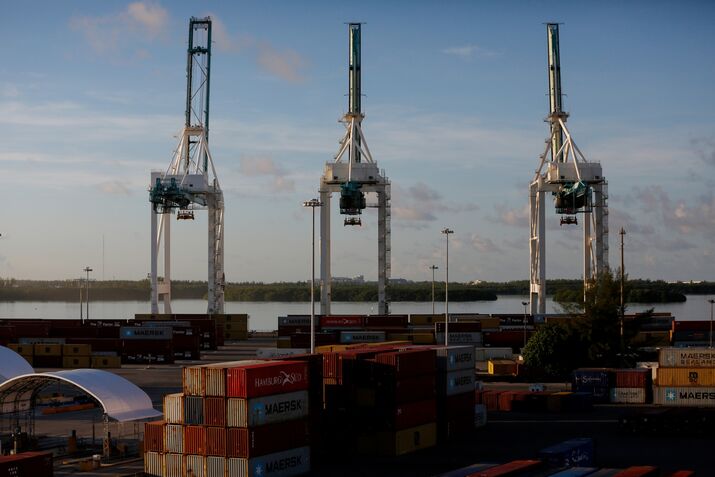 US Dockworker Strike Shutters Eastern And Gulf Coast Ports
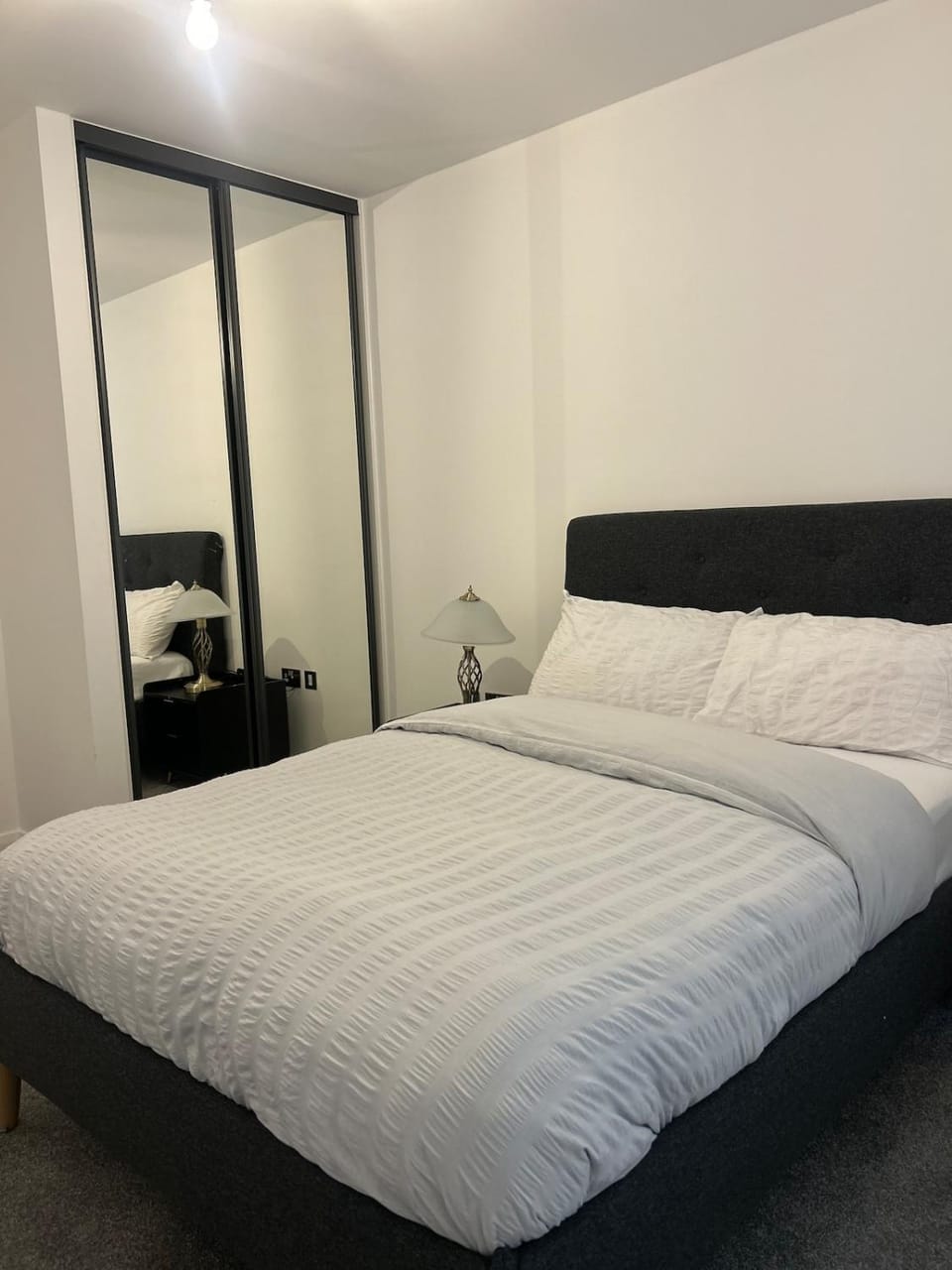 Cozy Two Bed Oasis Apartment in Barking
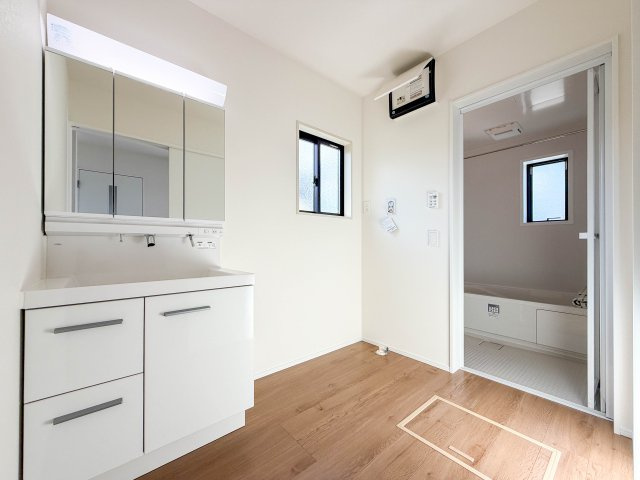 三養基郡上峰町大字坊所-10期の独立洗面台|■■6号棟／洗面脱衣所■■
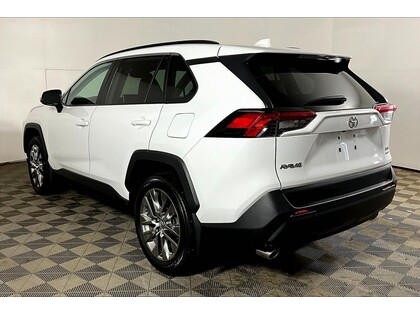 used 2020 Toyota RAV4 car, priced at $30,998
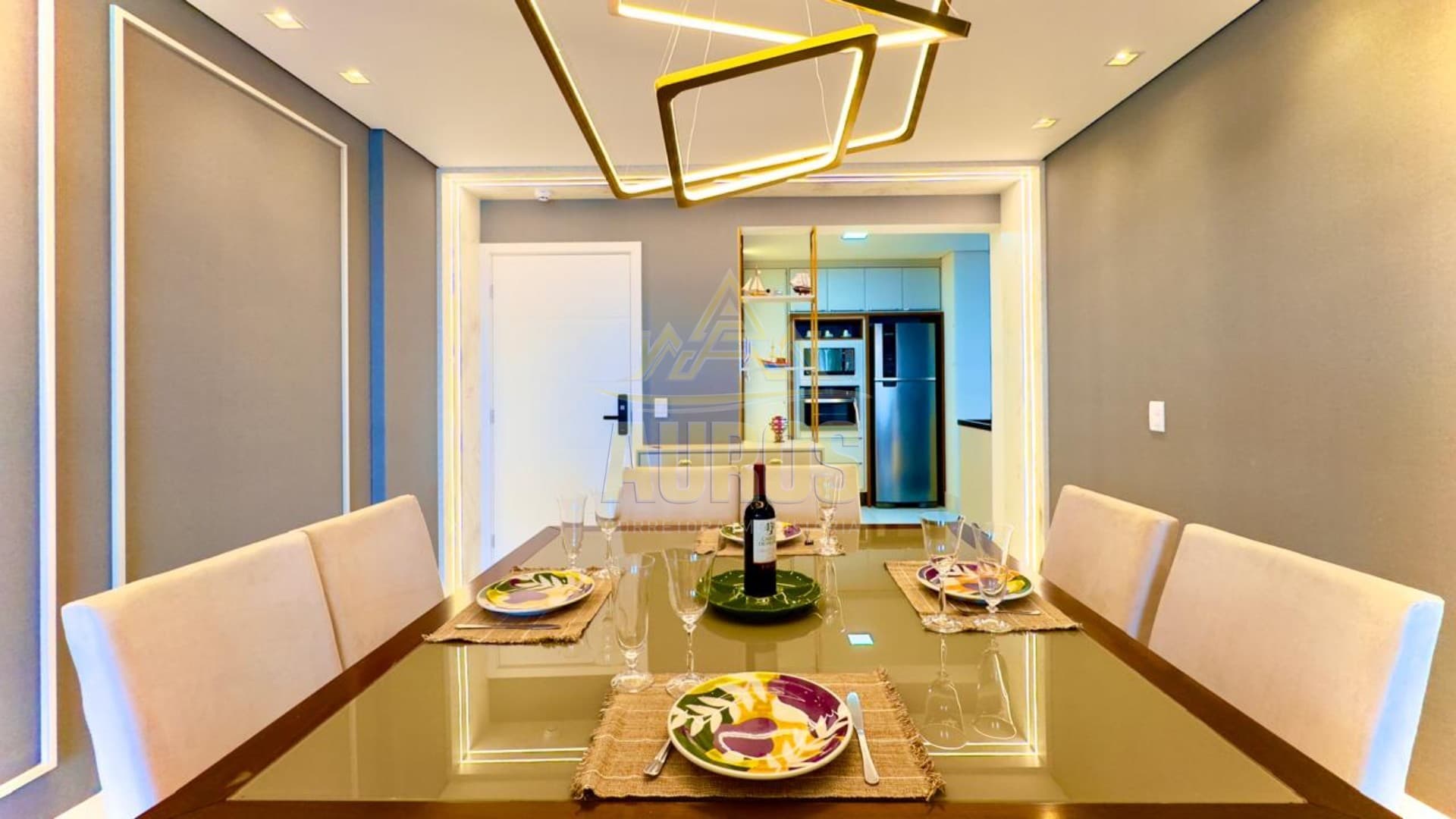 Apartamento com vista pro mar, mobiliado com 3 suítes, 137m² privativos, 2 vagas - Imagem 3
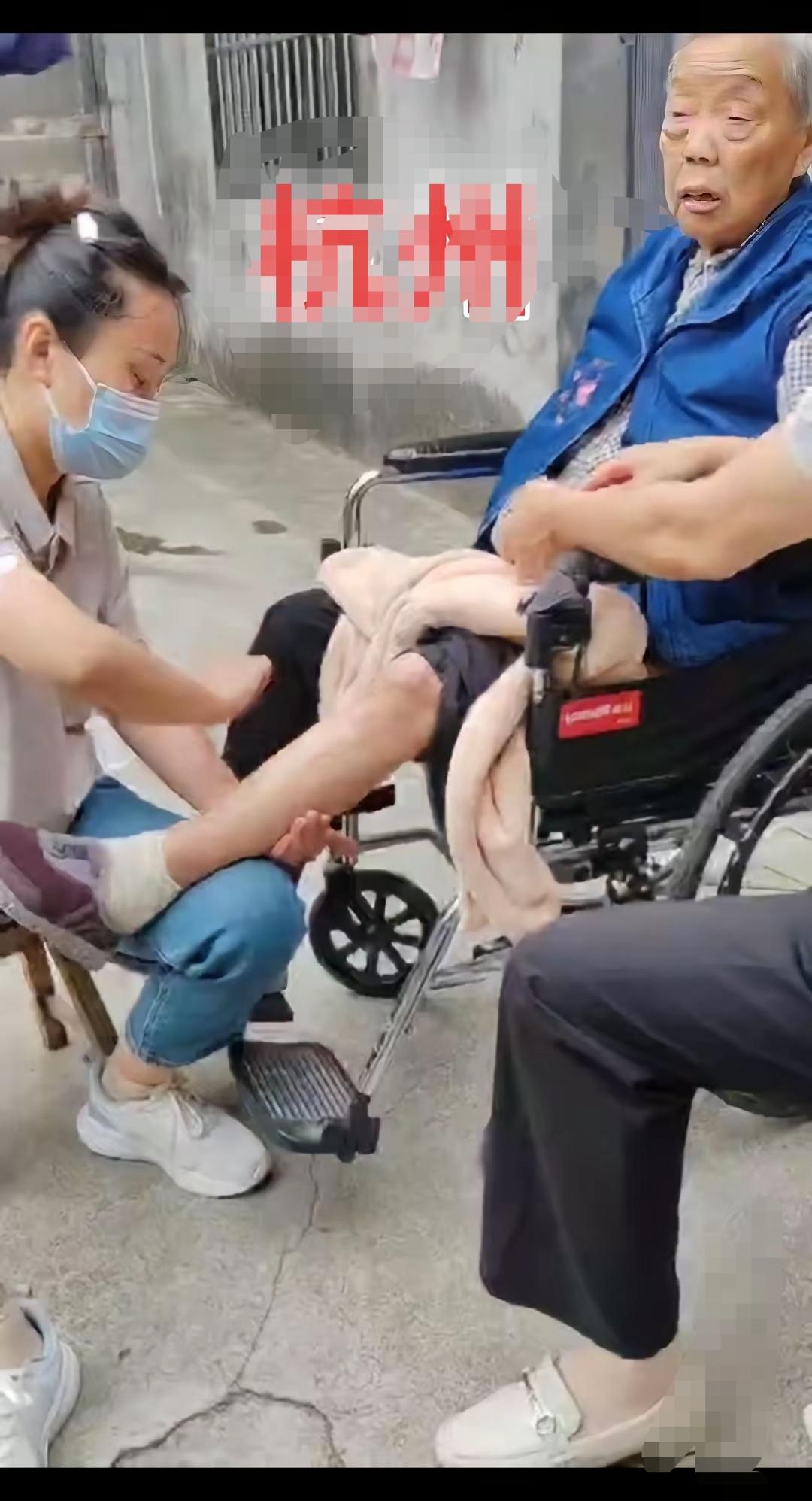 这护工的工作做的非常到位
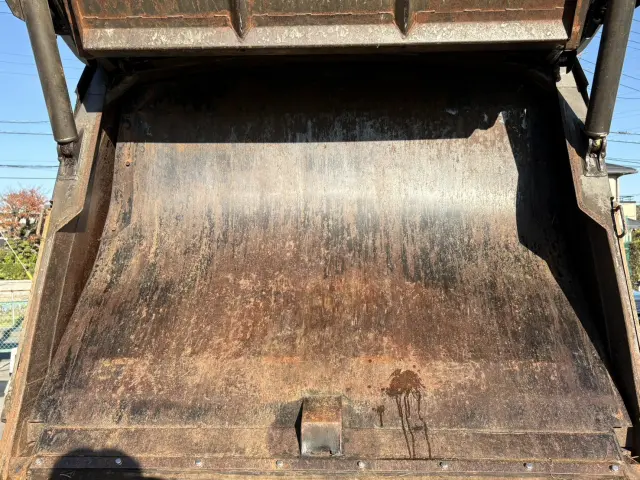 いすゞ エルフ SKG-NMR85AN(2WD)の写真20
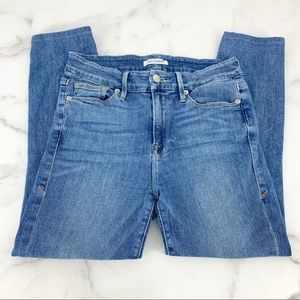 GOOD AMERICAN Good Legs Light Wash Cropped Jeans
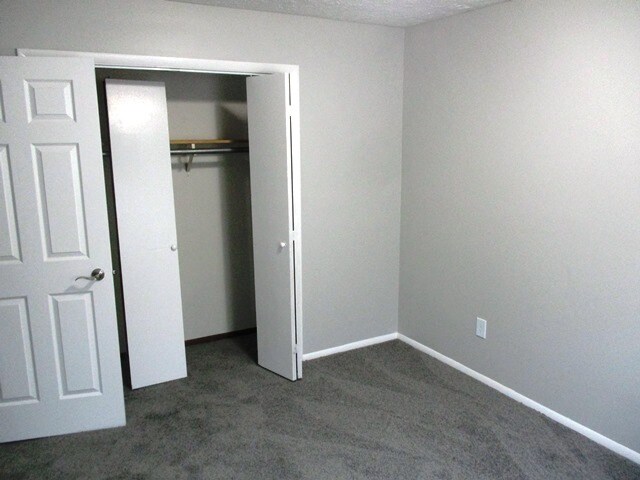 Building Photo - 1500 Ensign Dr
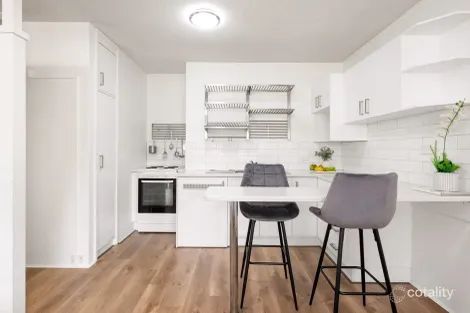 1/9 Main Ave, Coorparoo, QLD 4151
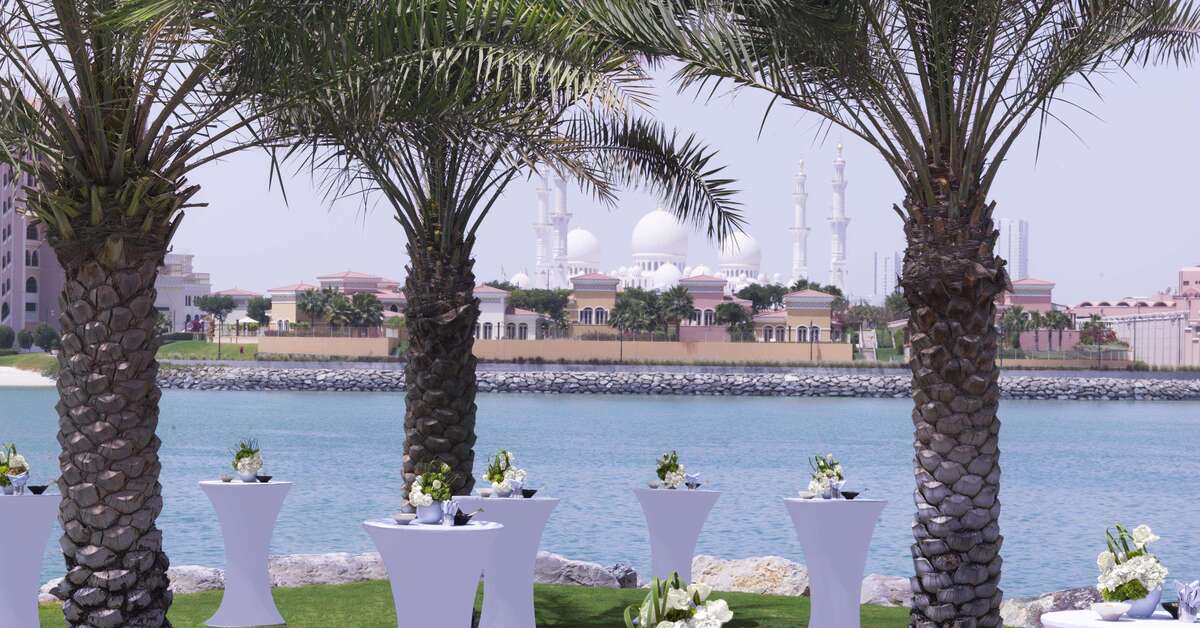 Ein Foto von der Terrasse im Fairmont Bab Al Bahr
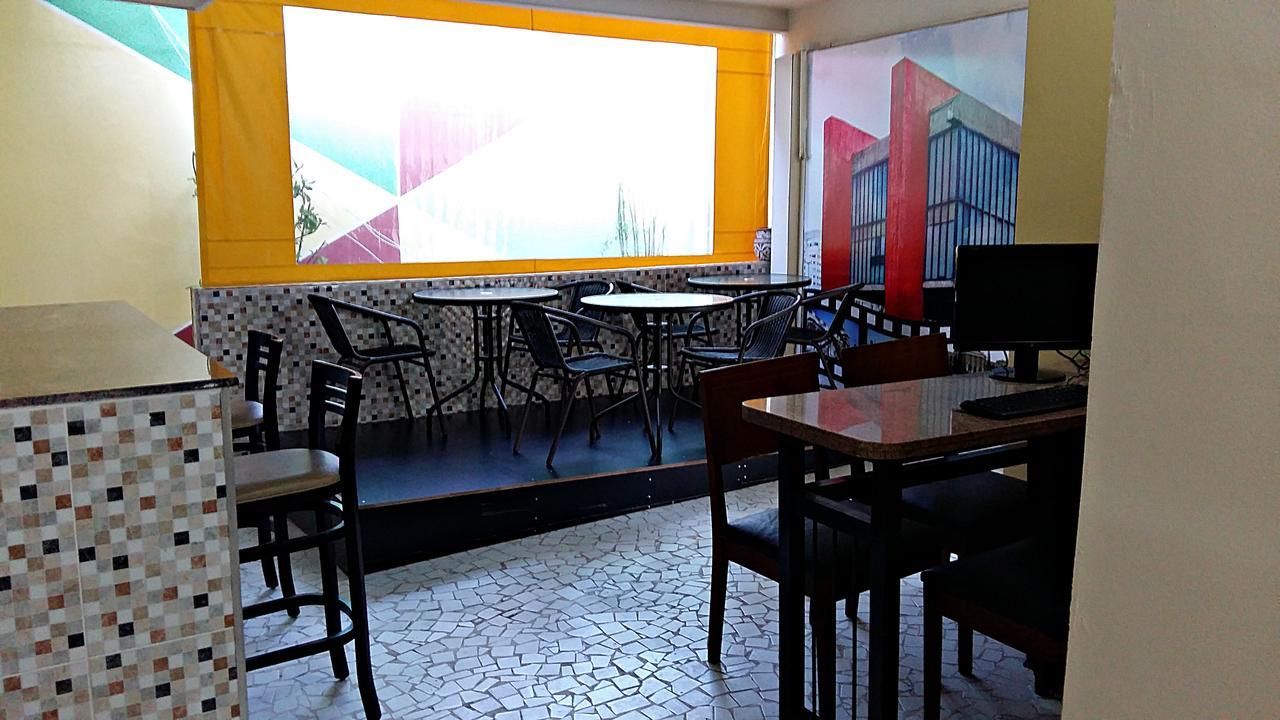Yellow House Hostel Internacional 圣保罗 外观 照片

========

• _Task statement_
Nothing but the lines from the one that holds "Building Photo - 1500 Ensign Dr" through the end of the data should appear, written out exactly, without pictures.

• _Output for this task_
 Building Photo - 1500 Ensign Dr
 1/9 Main Ave, Coorparoo, QLD 4151
 Ein Foto von der Terrasse im Fairmont Bab Al Bahr
Yellow House Hostel Internacional 圣保罗 外观 照片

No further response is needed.